BRUNSWICK, Ga. — The search for answers as to why it took more than 70 days for an arrest in the shooting death of Ahmaud Arbery may soon be heading to the federal level following a request from the state attorney general's office on Sunday.
In a tweet on Sunday afternoon, Attorney General Chris Carr said that he had formally requested that the U.S. Department of Justice "conduct an investigation into the handling of the case - including communications by & between the Brunswick/Waycross."
Ahmaud Aubery was shot and killed in Brunswick, Georgia on Feb. 23 while family says he was jogging in the area and catching the attention of a father and son who claimed to be concerned about burglaries in the area. The two are accused of pursuing Aubery with one soon shooting him.
It would be months later, following national public outcry and Georgia Bureau of Investigation findings, before 64-year-old Gregory and 34-year-old Travis McMichael were arrested. The father once worked for the district attorney's office in Brunswick and also has a background in law enforcement.
But for all the questions regarding the shooting itself, many also exist for the handling of the case by two area district attorneys.
“We are committed to a complete and transparent review of how the Ahmaud Arbery case was handled from the outset,” Carr wrote on Sunday. “The family, the community, and the state of Georgia deserve answers, and we will work with others in law enforcement at the state and federal level to find those answers.”
Since the day of the shooting and the eventual arrests, questions have arisen about not only the Glynn County district attorney's actions in the wake of the shooting but also those of the district attorney in Waycross, Georgia who was initially handed the case after Jackie Johnson recused herself. As such, Waycross District Attorney George Barnhill was charged with handling the case.
However, according to Carr's office, neither Johnson nor Barnhill revealed that Barnhill "had already taken a role in the case in reviewing evidence and advising the Glynn County Police Department regarding whether to make arrests in the case."
Several days later, on April 7, Carr said his office was again requested to appoint another prosecutor for the case.
"In that request, the Waycross Circuit District Attorney again did not inform the Office of the Attorney General of his prior involvement in the case before his appointment and specifically described to the Office of Attorney General the actions he took 'upon taking the case'," according to the Attorney General's statement.

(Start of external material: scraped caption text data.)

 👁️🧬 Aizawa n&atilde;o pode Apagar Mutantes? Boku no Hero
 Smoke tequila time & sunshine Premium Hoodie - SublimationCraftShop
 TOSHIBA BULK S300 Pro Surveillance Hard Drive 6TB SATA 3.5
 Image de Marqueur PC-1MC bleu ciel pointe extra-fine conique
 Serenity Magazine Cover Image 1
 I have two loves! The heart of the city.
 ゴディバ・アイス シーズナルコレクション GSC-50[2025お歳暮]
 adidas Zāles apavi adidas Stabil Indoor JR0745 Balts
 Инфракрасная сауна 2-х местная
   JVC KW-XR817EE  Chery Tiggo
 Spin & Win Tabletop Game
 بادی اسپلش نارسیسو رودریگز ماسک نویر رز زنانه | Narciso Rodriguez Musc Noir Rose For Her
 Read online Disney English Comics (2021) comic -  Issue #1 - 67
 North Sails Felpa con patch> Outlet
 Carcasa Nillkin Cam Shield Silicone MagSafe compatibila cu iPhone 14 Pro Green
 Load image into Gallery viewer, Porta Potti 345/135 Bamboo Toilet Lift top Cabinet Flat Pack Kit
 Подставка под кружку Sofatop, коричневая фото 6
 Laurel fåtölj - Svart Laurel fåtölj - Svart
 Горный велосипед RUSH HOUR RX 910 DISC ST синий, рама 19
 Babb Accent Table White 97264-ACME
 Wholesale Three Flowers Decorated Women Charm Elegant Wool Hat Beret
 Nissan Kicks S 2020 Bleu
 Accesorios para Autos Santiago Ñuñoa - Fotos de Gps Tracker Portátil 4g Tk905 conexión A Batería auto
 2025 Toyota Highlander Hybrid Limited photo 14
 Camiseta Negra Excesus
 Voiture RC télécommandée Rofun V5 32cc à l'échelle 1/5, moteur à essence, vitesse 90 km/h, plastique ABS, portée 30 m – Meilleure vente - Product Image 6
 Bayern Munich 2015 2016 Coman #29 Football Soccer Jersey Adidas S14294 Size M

In the same April 7 request, Barnhill also allegedly revealed that both attorney generals had learned weeks earlier that his son, a prosecutor in Brunswick, had handled a prior prosecution of Arbery and that one of the defendants in the case had also served as an investigator on the same prosecution.
Carr's office said in its statement that Barnhill "did not provide any reason for the delay in contacting the Office of Attorney General to request appointment of a new prosecutor since the discovery of those facts."
The statement added that this notice also didn't include that Barnhill had issued a written opinion to police that no arrests be made in the case. However, it did include confirmation of "an initial opinion the day of the shoot" - long before he had been requested to handle the case.
It wouldn't be until the third district attorney was appointed that the GBI would be called in. That district attorney requested the agency on May 5. The agency began its investigation the next day and made two arrests on May 7.
Attorney General Carr's office said that it would be providing the entire file regarding the appointment process for prosecutors in this case and "provide any assistance requested by the U.S. Department of Justice."
Following the announcement, attorneys for Arbery's family released a statement which read, in part:
"We are pleased that Georgia AG Chris Carr has officially asked the Dept. of Justice to investigate the handling, and potential cover-up, of Ahmaud Arbery's murder. We have requested the involvement of the DOJ since we first took this case. There are far too many questions about how this case was handled and why it took 74 days for two of the killers to be arrested and charged in Mr. Arbery's death.